Exercise directions: Transcribe exactly everything in the data below from the line containing "2688 Southeast Castle" down to the line containing "4927 S Tune, Mesa, AZ", both lines included and nothing further.
=== Records for this task ===
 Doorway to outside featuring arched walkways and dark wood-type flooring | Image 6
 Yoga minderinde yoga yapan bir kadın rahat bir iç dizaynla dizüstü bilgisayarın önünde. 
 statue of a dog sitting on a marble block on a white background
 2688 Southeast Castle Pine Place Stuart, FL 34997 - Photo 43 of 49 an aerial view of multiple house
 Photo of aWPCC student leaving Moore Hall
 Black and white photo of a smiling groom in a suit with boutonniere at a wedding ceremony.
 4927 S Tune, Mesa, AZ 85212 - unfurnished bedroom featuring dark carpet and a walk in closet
===
=== Records for this task ===
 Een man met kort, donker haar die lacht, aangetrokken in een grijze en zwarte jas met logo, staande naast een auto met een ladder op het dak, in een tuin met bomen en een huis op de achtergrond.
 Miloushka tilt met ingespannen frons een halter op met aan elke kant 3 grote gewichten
===
=== Records for this task ===
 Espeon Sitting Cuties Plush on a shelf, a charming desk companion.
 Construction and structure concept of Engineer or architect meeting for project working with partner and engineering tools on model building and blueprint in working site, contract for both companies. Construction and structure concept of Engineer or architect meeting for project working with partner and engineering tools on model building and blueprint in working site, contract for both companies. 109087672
===
Result of the task:
 2688 Southeast Castle Pine Place Stuart, FL 34997 - Photo 43 of 49 an aerial view of multiple house
 Photo of aWPCC student leaving Moore Hall
 Black and white photo of a smiling groom in a suit with boutonniere at a wedding ceremony.
 4927 S Tune, Mesa, AZ 85212 - unfurnished bedroom featuring dark carpet and a walk in closet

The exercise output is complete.